# [Work required]
Each line of the data below goes into the copy exactly; pictures do not.

# [Recorded information]
◇ ◇ ◇

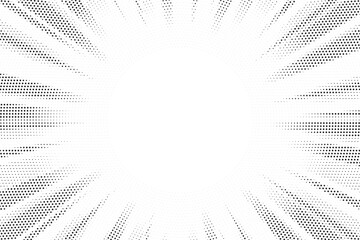 Leinwandbilder - Halftone gradient sun rays pattern. abstract halftone vector dots background. monochrome dots pattern. pop art, comic small dots. star rays halftone poster. shine, explosion. sunrise rays background.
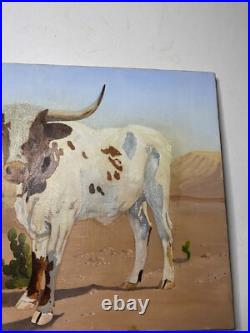 Naive Contemporary Folk Art Oil On Canvas Longhorn Cow Painting 14 By 18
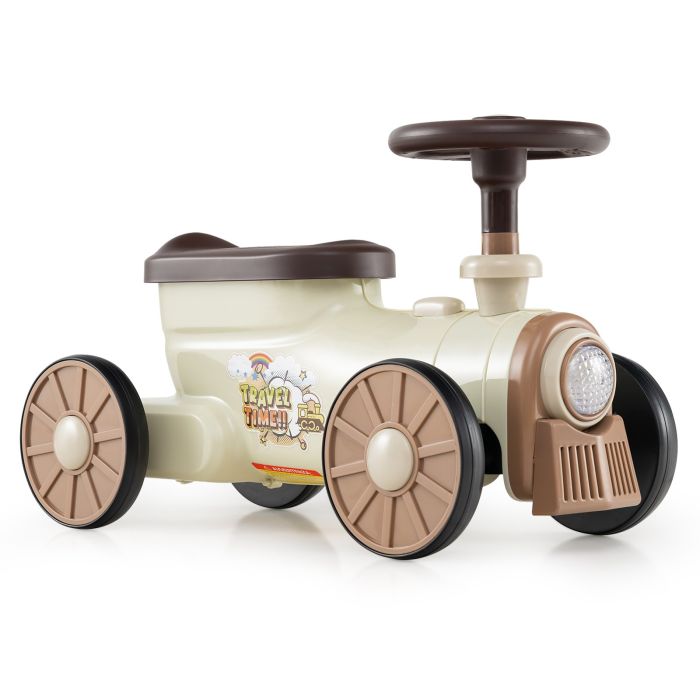 ORON Ride on Push Car Train with Sound Button and Storage Compartment-Beige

◇ ◇ ◇

# [Completed task]
 Leinwandbilder - Halftone gradient sun rays pattern. abstract halftone vector dots background. monochrome dots pattern. pop art, comic small dots. star rays halftone poster. shine, explosion. sunrise rays background.
 Naive Contemporary Folk Art Oil On Canvas Longhorn Cow Painting 14 By 18
 ORON Ride on Push Car Train with Sound Button and Storage Compartment-Beige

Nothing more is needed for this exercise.